Com a nova ata, diz o "ABC Color", o Paraguai concordava em usar a energia garantida de Itaipu -- mais cara que a excedente, que é usada hoje pelo país em maior proporção --, renunciando assim ao benefício que representava a compra dessa energia adicional, mais barata. O novo acordo geraria uma diferença de US$ 350 milhões (R$ 1,3 bilhão) para a Administração Nacional de Eletricidade (Ande) paraguaia, segundo especialistas da área ouvidos pelo periódico.

Usina binacional

A hidroelétrica de Itaipu, construída sobre o rio Paraná, que separa o Brasil e o Paraguai, produz 14 mil megawatts e é a segunda maior do mundo, atrás da chinesa Três Gargantas. O Brasil consome 93% da energia da usina, e compra o excedente da parte que caberia ao Paraguai.
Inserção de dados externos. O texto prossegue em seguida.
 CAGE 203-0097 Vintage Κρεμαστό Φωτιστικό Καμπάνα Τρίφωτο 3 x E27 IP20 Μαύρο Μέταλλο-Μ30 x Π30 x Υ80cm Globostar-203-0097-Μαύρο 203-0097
A oposição paraguaia questiona a venda dessa energia "a um preço ridículo", segundo afirmou o parlamentar Ricardo Canese, que pertence ao partido Frente Guasú (Frente Grande).

Depois de 50 anos, em 2023, os dois países devem rever o tratado original de Itaipu, assinado em 1973 por Alfredo Stroessner e Ernesto Geisel.

Um novo tratado envolve a revisão do preço da energia, que sempre foi percebida no Paraguai como desfavorável aos seus interesses.

"O Paraguai deixou de receber US$ 75 bilhões por não vender a preço de mercado, desde que a usina começou a operar em 1984", garantiu à AFP o cientista político Miguel Carter, segundo cálculo feito a partir de dados oficiais.